▶ _DATASET EXCERPTS_
⟨

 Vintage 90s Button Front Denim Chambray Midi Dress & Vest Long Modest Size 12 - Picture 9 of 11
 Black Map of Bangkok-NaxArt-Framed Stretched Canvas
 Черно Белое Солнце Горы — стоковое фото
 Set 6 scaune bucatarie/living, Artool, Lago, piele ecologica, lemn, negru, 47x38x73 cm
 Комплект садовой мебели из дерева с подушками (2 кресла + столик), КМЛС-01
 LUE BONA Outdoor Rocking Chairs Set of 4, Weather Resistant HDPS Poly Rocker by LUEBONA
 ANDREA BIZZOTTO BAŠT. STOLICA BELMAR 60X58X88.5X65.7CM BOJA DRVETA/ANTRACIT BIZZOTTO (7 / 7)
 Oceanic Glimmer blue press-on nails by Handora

⟩
⟨

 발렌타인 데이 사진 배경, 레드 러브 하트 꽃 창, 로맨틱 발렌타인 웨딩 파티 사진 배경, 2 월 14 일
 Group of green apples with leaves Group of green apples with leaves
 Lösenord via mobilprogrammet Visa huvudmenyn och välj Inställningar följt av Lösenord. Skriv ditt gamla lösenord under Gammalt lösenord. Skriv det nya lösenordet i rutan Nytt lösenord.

⟩

▶ _WHAT THIS TASK INVOLVES_
The expected answer is an exact copy of the lines above, beginning at the line with "LUE BONA Outdoor" and ending at the line with "Oceanic Glimmer blue", with both ends in.

▶ _OUTPUT OF THE TASK_
 LUE BONA Outdoor Rocking Chairs Set of 4, Weather Resistant HDPS Poly Rocker by LUEBONA
 ANDREA BIZZOTTO BAŠT. STOLICA BELMAR 60X58X88.5X65.7CM BOJA DRVETA/ANTRACIT BIZZOTTO (7 / 7)
 Oceanic Glimmer blue press-on nails by Handora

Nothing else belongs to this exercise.